Similarly, watermarks, that is, important events, do not constitute the entirety of our lives. Day to day happenings, comprised of the choices we make every few minutes or every few hours, such as whether to wake up on time or not, whether to pray slowly or quickly, and whether to eat a healthful breakfast, an unhealthy breakfast, or no breakfast at all, are at last as important to us as are our lives’ singular moments. Likewise, we are impacted by the ways by which we actualize our choices. For instance, do we live mindfully or mindlessly, do we try to improve our middot or not, and do we take into consideration the bearing of our actions on other folk or to we ignore the influence we have on them?

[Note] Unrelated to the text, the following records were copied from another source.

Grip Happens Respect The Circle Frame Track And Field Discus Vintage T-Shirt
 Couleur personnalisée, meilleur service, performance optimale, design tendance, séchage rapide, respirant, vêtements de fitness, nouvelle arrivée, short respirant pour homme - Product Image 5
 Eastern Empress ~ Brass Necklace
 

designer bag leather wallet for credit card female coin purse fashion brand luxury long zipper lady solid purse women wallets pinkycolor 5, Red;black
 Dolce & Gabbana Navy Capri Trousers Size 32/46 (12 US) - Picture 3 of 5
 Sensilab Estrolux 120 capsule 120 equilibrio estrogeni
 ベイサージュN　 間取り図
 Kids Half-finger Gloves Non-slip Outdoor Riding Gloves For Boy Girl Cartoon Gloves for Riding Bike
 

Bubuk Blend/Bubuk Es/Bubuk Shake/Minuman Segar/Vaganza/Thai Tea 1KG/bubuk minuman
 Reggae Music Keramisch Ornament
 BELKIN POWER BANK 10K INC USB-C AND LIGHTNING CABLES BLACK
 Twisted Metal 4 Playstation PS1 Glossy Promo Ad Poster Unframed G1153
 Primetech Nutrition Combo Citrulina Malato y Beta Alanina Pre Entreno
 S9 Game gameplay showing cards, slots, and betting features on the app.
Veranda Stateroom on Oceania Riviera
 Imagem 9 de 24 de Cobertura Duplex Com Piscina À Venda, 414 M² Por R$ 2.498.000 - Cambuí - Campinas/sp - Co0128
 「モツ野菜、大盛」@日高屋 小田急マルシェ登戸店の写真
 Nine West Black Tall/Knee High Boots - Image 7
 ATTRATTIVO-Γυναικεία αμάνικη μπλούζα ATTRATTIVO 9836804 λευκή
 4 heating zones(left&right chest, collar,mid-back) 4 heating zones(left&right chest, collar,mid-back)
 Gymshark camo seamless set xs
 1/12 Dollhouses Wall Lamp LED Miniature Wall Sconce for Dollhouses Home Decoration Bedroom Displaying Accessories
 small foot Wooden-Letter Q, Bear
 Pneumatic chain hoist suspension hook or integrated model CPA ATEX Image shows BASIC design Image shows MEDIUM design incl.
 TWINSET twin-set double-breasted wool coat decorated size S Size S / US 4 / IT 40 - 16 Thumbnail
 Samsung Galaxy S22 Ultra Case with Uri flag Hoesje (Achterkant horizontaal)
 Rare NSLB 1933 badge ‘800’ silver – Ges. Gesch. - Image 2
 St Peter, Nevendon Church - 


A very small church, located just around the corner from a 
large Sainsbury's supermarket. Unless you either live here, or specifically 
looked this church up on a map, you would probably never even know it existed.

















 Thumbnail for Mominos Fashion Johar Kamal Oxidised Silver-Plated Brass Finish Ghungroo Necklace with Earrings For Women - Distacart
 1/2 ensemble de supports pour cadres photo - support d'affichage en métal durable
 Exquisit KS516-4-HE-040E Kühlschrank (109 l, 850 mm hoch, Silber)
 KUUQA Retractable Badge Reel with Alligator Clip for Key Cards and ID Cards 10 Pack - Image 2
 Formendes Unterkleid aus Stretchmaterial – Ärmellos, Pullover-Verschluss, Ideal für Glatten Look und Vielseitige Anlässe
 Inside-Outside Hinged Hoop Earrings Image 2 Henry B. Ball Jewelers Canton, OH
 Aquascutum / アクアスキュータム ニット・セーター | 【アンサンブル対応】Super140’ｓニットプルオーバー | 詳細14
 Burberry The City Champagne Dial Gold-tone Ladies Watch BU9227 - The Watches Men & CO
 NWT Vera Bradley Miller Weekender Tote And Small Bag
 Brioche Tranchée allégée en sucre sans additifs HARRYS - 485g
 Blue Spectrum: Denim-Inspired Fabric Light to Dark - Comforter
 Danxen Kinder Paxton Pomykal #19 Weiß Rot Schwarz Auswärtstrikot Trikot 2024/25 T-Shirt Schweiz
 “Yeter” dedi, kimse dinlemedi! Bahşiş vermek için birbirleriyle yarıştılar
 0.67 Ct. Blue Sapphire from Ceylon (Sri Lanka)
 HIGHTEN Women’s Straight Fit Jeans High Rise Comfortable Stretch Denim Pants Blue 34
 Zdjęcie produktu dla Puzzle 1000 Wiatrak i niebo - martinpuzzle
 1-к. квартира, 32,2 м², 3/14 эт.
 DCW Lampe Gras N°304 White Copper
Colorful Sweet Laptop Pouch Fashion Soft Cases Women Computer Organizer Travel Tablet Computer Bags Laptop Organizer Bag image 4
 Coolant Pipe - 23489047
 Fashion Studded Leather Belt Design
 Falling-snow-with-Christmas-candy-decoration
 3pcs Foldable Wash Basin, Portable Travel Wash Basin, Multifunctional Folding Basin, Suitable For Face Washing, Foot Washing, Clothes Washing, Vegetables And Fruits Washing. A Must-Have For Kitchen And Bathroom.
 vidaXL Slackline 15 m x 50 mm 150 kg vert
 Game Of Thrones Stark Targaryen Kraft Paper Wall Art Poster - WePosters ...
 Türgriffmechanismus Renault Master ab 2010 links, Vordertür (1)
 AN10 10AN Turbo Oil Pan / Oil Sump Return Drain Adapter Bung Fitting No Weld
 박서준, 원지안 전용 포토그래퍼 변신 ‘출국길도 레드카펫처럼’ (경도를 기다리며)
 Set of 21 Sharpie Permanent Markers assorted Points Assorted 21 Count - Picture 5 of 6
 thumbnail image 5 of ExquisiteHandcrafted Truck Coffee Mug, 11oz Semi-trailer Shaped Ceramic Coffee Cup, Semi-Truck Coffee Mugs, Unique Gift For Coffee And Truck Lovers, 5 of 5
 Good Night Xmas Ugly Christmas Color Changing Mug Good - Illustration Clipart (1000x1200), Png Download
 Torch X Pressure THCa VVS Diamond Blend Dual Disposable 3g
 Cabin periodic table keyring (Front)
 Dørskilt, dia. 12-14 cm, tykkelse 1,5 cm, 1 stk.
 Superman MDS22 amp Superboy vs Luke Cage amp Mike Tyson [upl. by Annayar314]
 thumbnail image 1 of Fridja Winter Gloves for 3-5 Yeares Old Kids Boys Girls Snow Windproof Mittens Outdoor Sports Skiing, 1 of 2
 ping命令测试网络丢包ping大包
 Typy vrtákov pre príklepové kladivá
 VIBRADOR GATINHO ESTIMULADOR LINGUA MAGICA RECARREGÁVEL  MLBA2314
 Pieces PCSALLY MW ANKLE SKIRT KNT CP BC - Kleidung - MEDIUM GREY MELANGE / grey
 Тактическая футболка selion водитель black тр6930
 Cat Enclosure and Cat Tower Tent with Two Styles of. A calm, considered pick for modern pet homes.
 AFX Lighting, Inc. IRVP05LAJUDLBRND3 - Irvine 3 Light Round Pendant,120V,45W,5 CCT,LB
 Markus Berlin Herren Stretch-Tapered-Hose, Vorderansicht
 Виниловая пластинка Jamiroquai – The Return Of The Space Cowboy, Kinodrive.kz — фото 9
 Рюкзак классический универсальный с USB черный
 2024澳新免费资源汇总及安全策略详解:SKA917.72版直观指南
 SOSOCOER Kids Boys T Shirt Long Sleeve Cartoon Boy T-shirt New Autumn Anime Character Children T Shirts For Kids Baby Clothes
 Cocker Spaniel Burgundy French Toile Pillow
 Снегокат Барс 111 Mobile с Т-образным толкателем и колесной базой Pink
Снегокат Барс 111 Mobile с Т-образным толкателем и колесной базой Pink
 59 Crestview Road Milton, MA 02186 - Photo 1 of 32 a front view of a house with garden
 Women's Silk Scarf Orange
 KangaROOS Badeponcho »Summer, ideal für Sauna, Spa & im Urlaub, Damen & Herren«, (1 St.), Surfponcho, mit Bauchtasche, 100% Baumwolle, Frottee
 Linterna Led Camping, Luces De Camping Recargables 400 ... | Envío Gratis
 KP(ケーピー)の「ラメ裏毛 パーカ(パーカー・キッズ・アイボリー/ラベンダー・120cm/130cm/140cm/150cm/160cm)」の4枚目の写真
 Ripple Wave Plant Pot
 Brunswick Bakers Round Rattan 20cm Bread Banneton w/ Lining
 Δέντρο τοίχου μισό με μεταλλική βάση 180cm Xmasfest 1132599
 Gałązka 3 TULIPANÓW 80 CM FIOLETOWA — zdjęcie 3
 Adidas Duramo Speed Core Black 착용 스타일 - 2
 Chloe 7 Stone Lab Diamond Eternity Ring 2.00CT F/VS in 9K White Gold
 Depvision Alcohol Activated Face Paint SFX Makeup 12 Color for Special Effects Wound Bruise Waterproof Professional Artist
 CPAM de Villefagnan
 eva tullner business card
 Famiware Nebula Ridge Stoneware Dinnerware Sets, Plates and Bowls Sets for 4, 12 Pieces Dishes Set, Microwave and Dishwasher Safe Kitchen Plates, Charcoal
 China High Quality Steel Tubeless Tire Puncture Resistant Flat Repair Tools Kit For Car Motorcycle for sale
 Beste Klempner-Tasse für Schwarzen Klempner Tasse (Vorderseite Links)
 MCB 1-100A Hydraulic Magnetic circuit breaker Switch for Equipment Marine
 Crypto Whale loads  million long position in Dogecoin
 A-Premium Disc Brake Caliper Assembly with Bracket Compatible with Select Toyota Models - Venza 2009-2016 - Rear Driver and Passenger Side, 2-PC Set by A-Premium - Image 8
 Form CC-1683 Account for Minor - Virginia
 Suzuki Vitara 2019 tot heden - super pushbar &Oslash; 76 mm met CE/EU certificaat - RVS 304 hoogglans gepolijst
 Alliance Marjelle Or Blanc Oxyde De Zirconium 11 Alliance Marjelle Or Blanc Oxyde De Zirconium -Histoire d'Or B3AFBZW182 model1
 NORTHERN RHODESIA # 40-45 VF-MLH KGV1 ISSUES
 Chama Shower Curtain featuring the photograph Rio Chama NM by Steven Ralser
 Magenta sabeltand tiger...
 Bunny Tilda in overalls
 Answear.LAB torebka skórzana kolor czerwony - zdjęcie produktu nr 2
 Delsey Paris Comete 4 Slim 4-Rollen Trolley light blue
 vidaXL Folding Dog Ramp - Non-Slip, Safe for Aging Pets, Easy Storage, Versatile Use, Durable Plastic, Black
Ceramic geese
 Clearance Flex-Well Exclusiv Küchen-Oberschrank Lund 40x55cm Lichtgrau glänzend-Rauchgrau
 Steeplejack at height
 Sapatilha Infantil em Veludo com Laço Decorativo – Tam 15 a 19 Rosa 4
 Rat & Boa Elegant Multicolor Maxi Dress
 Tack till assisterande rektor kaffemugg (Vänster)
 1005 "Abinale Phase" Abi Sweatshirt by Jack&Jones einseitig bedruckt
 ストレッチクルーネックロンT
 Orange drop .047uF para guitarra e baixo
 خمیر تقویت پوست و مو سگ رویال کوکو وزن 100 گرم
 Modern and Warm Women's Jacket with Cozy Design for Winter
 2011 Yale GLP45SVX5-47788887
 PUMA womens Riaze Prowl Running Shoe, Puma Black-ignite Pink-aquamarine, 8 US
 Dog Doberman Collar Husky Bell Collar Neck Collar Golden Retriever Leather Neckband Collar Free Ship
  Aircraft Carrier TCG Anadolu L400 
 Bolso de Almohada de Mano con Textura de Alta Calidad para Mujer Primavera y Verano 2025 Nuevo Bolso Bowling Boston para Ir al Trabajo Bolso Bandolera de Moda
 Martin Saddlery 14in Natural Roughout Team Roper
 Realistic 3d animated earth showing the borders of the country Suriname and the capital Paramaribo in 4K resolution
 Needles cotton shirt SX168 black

Regardless of how that complex design, which we call “existence,” is formed by the relative patterning of our special with our ordinary times, it remains, wonderfully, the case that my oldest child is getting married! This is the initial “parenting of marrieds” event for my husband and for me. Thus, we are living through the array of emotions that accompany such goings-on, plus we are living through the array of emotions that surround such goings-on when those goings-on take place for the first time. Whereas I grasp that feelings tend to take on superlative attributes when they are initially owned, when they are first experienced, I nonetheless remain overwhelmed by all of the input currently pouring into my psyche. A sensation of being beset is not necessarily a bad consciousness, yet it is fullness.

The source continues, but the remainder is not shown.